Working data:

-----

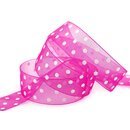 3 m x 25 mm Dekoband Chiffon Punkte PINK mit formstabilen...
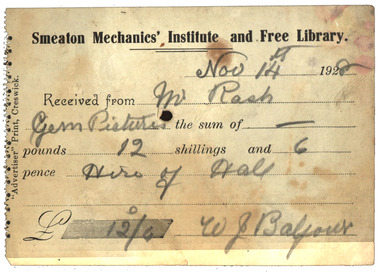 Image, Smeaton Mechanics' Institute and Free Library, 1928, 14/11/1928
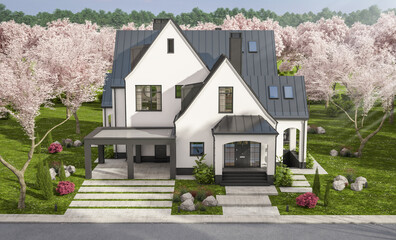 3d rendering of cute cozy white and black modern Tudor style house with parking  and pool for sale or rent. Fresh spring day with a blooming trees with flowers of sakura.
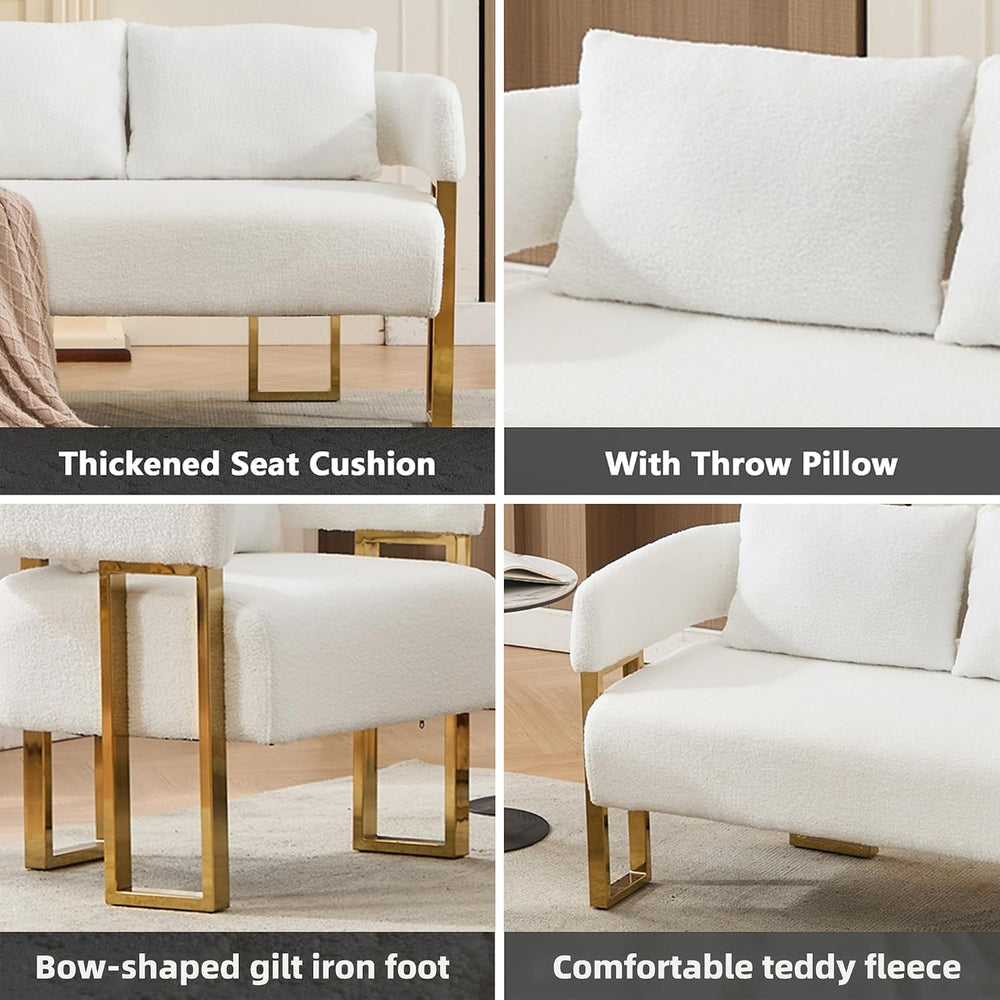 Loveseat Sofa and 2 Modern Accent Chairs no Wheels, Living Room Side Chairs w...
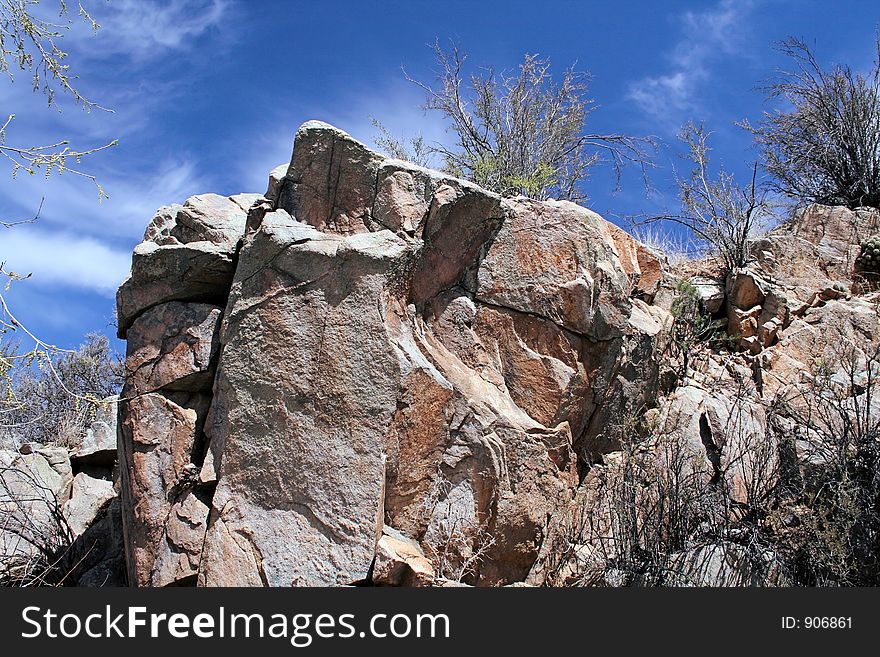 Rockface at a bend in rose creek Arizona at springtime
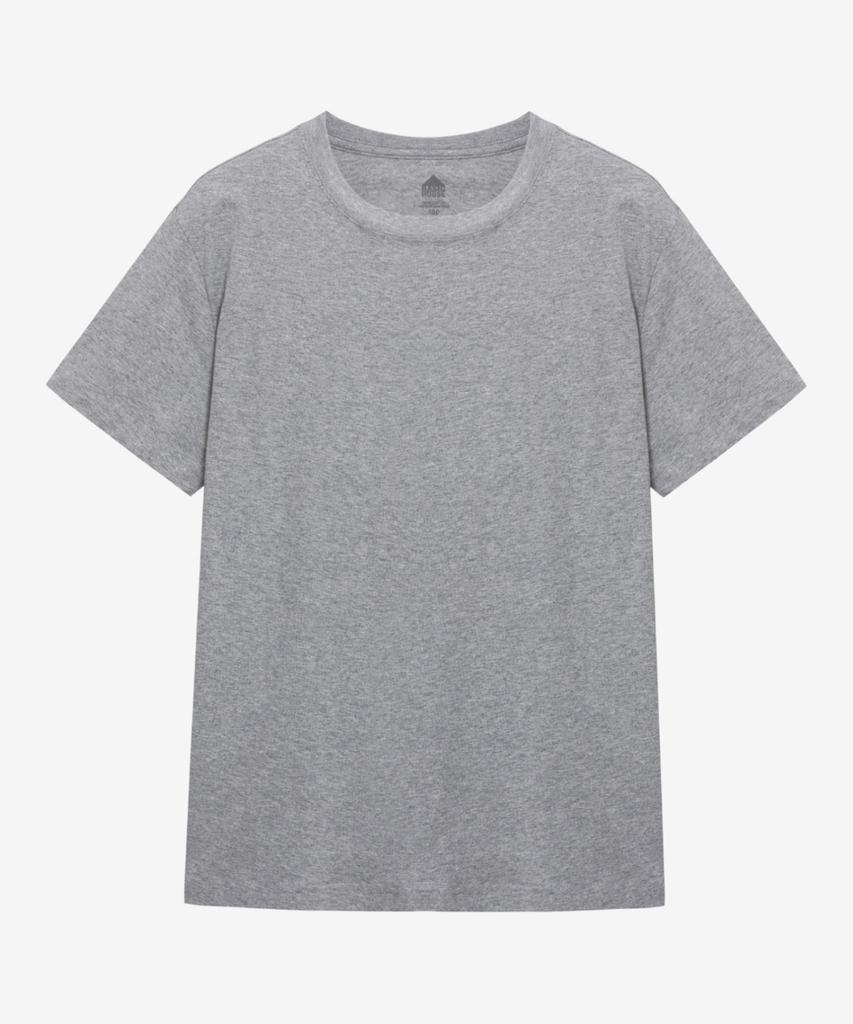 BASIC HOUSE [2Pack] 30S Cotton Regular Fit Round Plain Short Sleeve T-Shirt 2 Pack (6 Colors) Lats0126 (B Type)
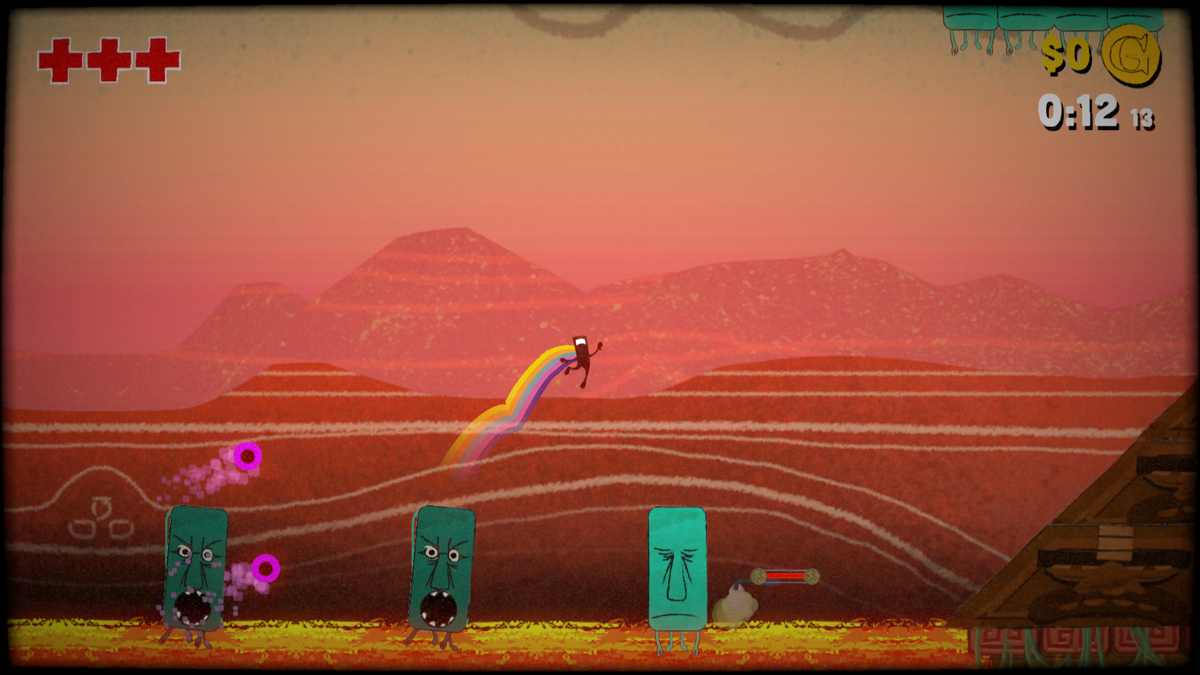 Runner3 (Windows) screenshot: One of retro levels. These guys aren't happy when you jump on them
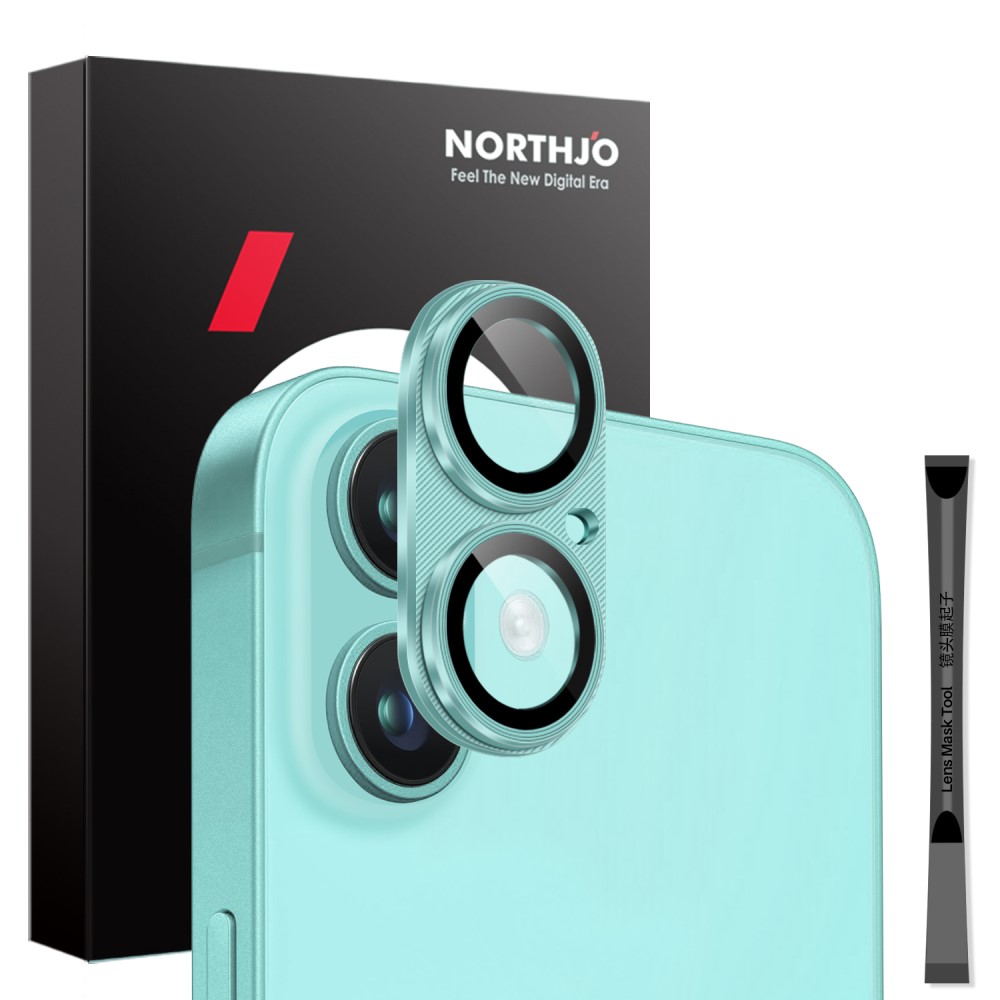 NORTHJO NORTHJO iPhone 16/16 Plus Linsskydd Cyan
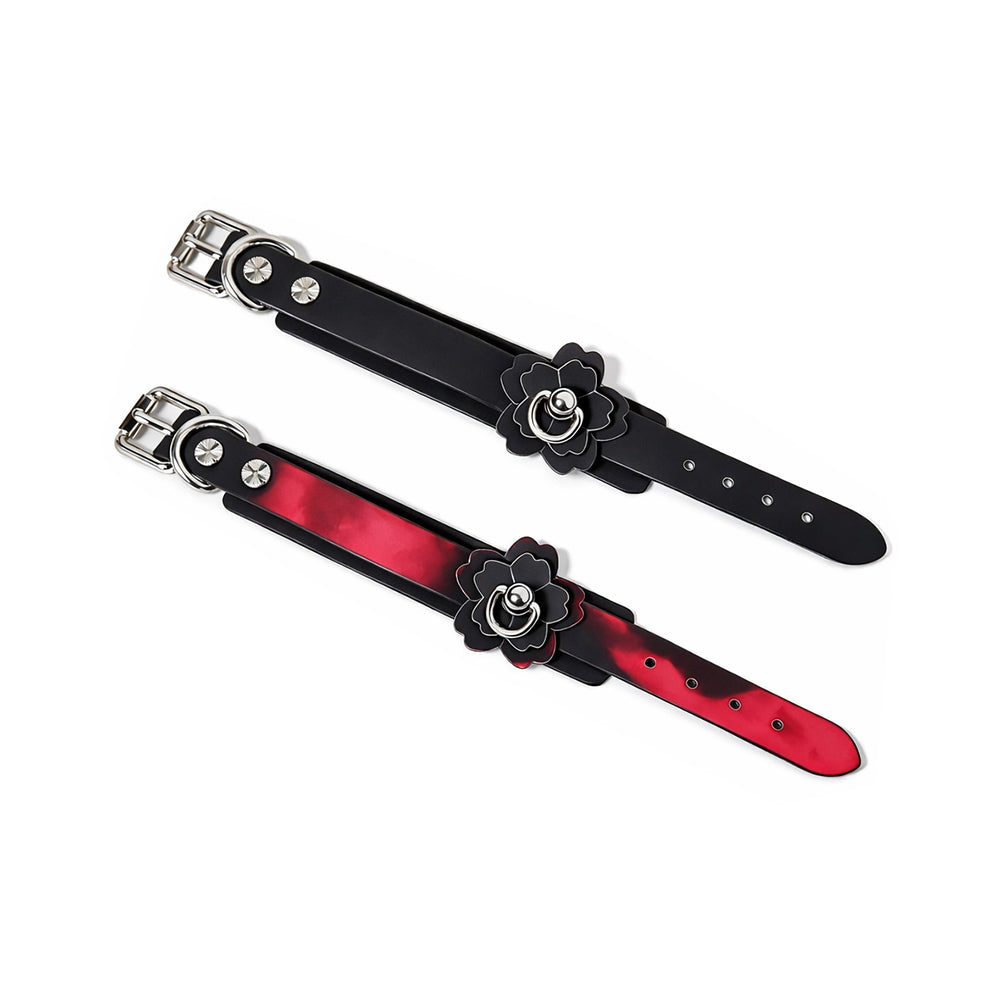 PINK ELEPHANT - HEAT TEASE FLOWER CUFFS BLACK/PINK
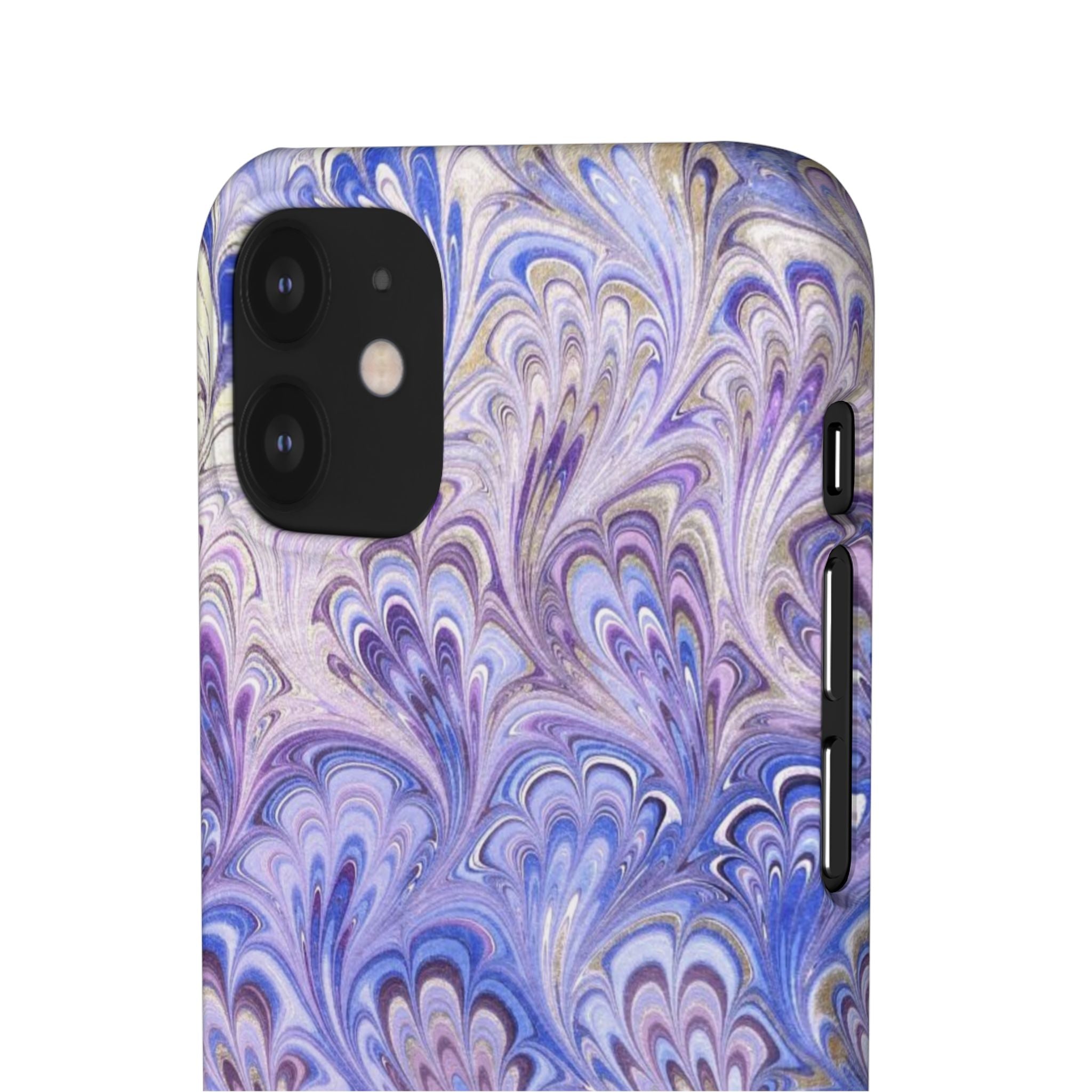 Marbled Feather Lavender + Purple Swirl - Single Layer Slim Phone Case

-----

About this exercise: Excluding the pictures, restate word for word the lines from the one that holds "Loveseat Sofa and" through the last line of the entries, both ends included.

Result below:
 Loveseat Sofa and 2 Modern Accent Chairs no Wheels, Living Room Side Chairs w...
 Rockface at a bend in rose creek Arizona at springtime
 BASIC HOUSE [2Pack] 30S Cotton Regular Fit Round Plain Short Sleeve T-Shirt 2 Pack (6 Colors) Lats0126 (B Type)
 Runner3 (Windows) screenshot: One of retro levels. These guys aren't happy when you jump on them
 NORTHJO NORTHJO iPhone 16/16 Plus Linsskydd Cyan
 PINK ELEPHANT - HEAT TEASE FLOWER CUFFS BLACK/PINK
 Marbled Feather Lavender + Purple Swirl - Single Layer Slim Phone Case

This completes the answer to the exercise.